Nous pouvons parler d’École Citoyenne et de Cité Educative quand le dialogue existe entre l’école et la ville. On ne peut pas parler d’École Citoyenne sans l’inclure comme école participative, école appropriée par la population comme faisant partie de l’appropriation de la ville à laquelle elle appartient. Dans ce sens, l’Ecole Citoyenne, plus ici, moins là-bas, suppose l’existence d’une Cité Educative. Cette appropriation arrive au travers des mécanismes créés par l’école elle-même, comme une Collégialité Scolaire, la Constitution de l’École, des rencontres pédagogiques et autres. Cet acte de sujet de la ville amène à l’intérieur de l’école les intérêts et les besoins de la population. Cela est le « scénario » de la ville qui éduque dans lesquels les pratiques scolaires rendent possible de qualifier autant la lecture du mot écrit que la « lecture du monde » (Paulo Freire). La ville qui éduque ne reste pas dans l’immédiat, mais indique plutôt une compréhension plus analytique et réflexive soit des problèmes du quotidien, soit des défis du monde contemporain.

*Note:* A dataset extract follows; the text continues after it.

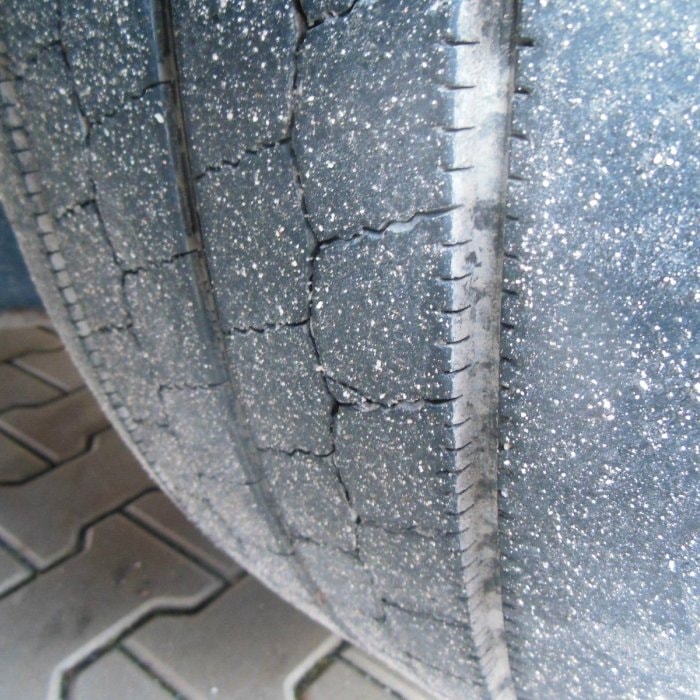 MAN TGX 18.480 LowDeck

Quand peut-on parler de ville qui éduque ?

Nous pouvons parler de ville qui éduque quand elle cherche à instaurer, avec toutes ses énergies, la citoyenneté pleine, active, quand elle établit des réseaux permanents de participation, stimule l’organisation des communautés pour qu’elles prennent en main, de façon organisée, le contrôle social de la ville. Cela n’est pas une tâche « spontanée » des Villes. Nous avons besoin de volonté politique et d’une perspective historique.

« La tâche éducative des Villes se réalise aussi à travers le traitement de sa mémoire qui ne la garde pas seulement, mais la reproduit, l’étend, se transmet aux générations qui arrivent. Ses musées, ses centres de culture, d’art sont l’âme vive de la volonté créatrice, des signes de l’aventure de l’esprit » (Freire, 1993:24).